- Interactive Map Outlining Ward No. 119
- Ward No. 119 Location in Kolkata
- Coordinates: 22°30′14″N 88°19′22″E﻿ / ﻿22.503833°N 88.322806°E
- Country: India
- State: West Bengal
- City: Kolkata
- Neighbourhoods: Behala (James Long Sarani-Sahapur-Railway Colony)
- Reservation: Women(Open)
- Parliamentary constituency: Kolkata Dakshin
- Assembly constituency: Behala Paschim
- Borough: 13

Population (2011)
- • Total: 16,491
- Time zone: UTC+5:30 (IST)
- PIN: 700 038
- Area code: +91 33

= Ward No. 119, Kolkata Municipal Corporation =

Ward No. 119, Kolkata Municipal Corporation is an administrative division of Kolkata Municipal Corporation in Borough No. 13, covering parts of Behala (James Long Sarani-Sahapur-Railway Colony) neighbourhoods in the Indian state of West Bengal.

==History==
The establishment and evolution of Kolkata Municipal Corporation followed a long process starting from around the middle of the 19th century. The Municipal Consolidation Act of 1888 and certain steps taken thereafter saw the addition of peripheral areas in the eastern and southern parts of the city to the corporation area. In 1888, there were 75 commissioners, 50 of whom were elected, 15 appointed by the government and 10 nominated from bodies like Chambers of Commerce, Trades Associations and the Port Commissioners. The Calcutta Municipal Act of 1923 brought about important changes. The adjacent municipalities of Cossipore, Chitpore, Manicktola and Garden Reach, as well as the New Dock Extension area, were amalgamated with Kolkata. Garden Reach was later taken out.

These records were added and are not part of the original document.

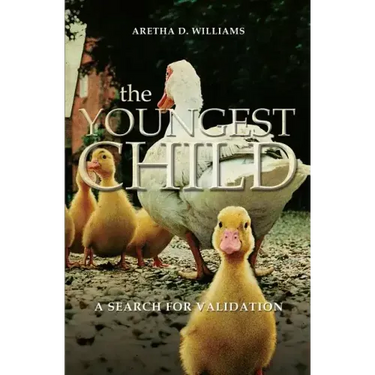 The Youngest Child: A Search for Validation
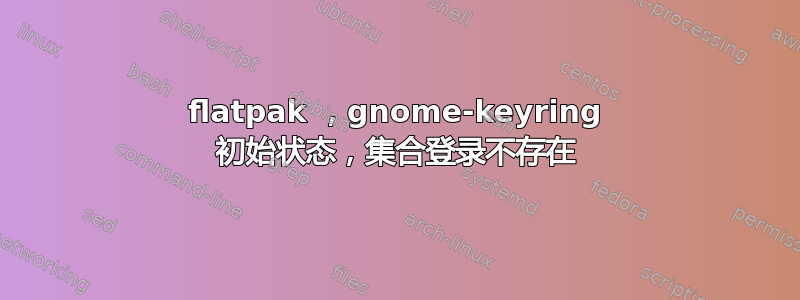 flatpak ，gnome-keyring 初始状态，集合登录不存在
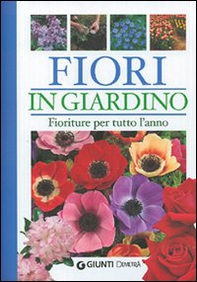 Fiori in giardino. Fioriture per tutto l'anno - Librerie.coop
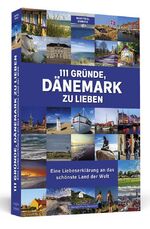 ISBN 9783862656127: 111 Gründe, Dänemark zu lieben - Eine Liebeserklärung an das schönste Land der Welt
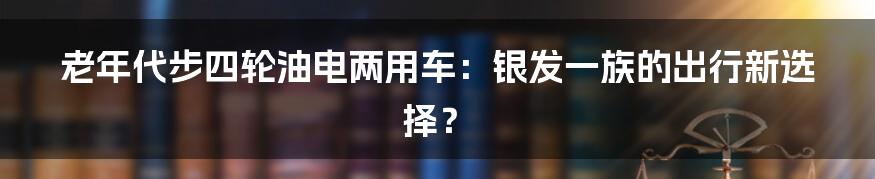 老年代步四轮油电两用车:银发一族的出行新选择?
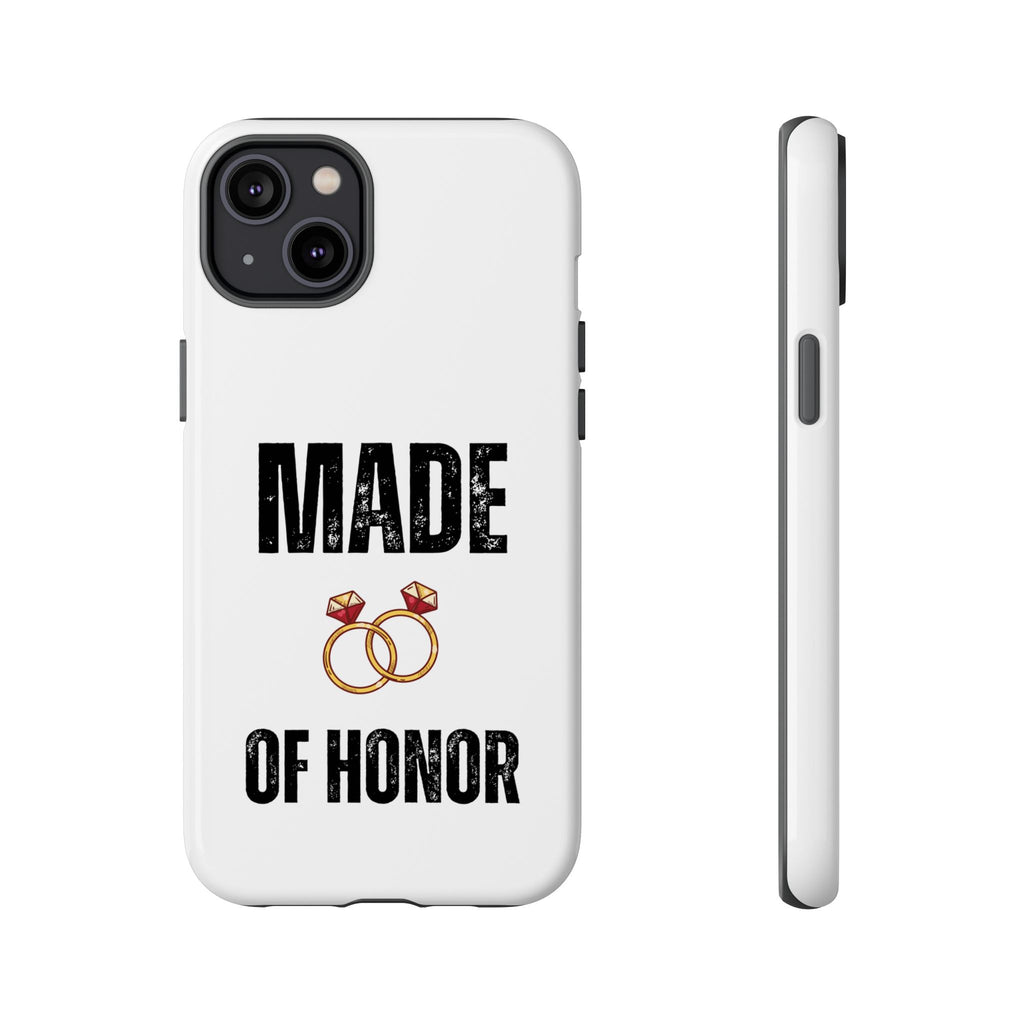 Phone Case — “Made of Honor” Bridal Wedding Ring Design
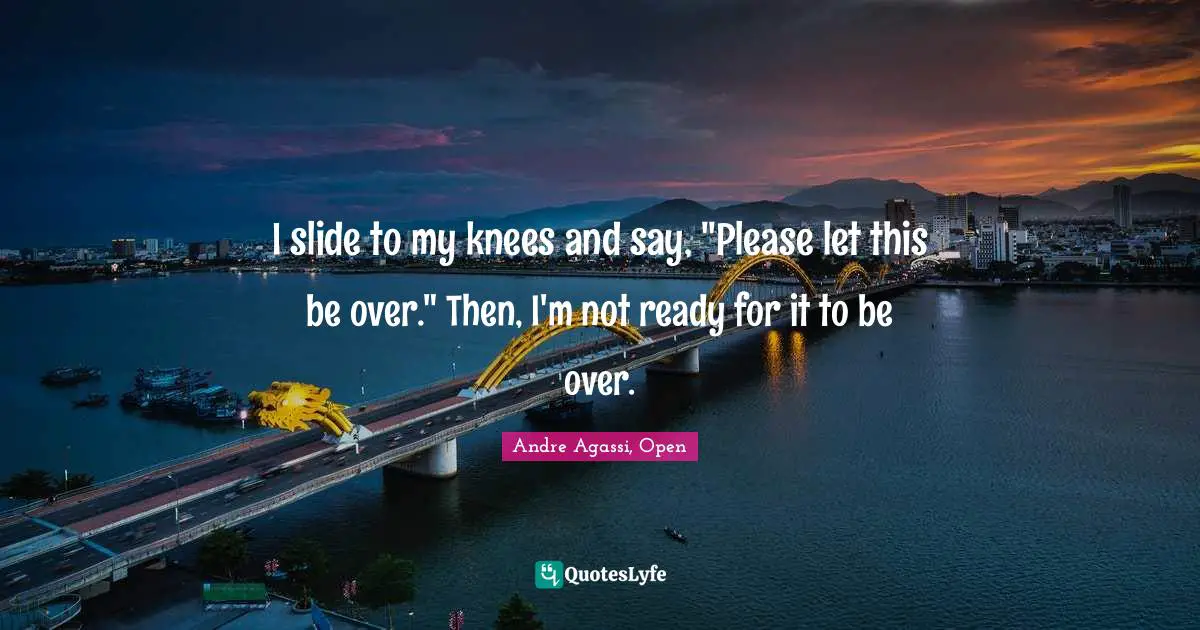 I slide to my knees and say, "Please let this be over." Then, I'm not ready for it to be over.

Post-independence developments saw the introduction of adult franchise in municipal elections in 1962. The number of wards increased from 75 to 100. Tollygunge was merged with Kolkata in 1953. The Calcutta Municipal Corporation Act 1980, which came into effect in 1984, extended the boundaries of Kolkata by incorporating South Suburban, Garden Reach and Jadavpur municipalities into it. With the addition of Joka to Kolkata, the number of wards rose to 144.

==Geography==
Ward No. 119 is bordered on the north by New Alipore Block K; on the east by Joy Krishna Paul Road, Sahapur Main Road and Barikpara Road; on the south by Roy Bahadur A.C.Roy Road; and on the west by Diamond Harbour Road.

Location of Ward No. 119 in Kolkata Ward Map

The ward is served by Behala police station of Kolkata Police.

Behala Women police station covers all police districts under the jurisdiction of the South West Division, i.e. Sarsuna, Taratala, Behala, Parnasree, Thakurpukur and Haridevpur.

==Demographics==
As per the 2011 Census of India, Ward No. 119, Kolkata Municipal Corporation, had a total population of 16,491, of which 8,319 (50%) were males and 8,172 (50%) were females. Population below 6 years was 1,009. The total number of literates in Ward No. 119 was 14,559 (94.04% of the population over 6 years).

Kolkata is the second most literate district in West Bengal. The literacy rate of Kolkata district has increased from 53.0% in 1951 to 86.3% in the 2011 census.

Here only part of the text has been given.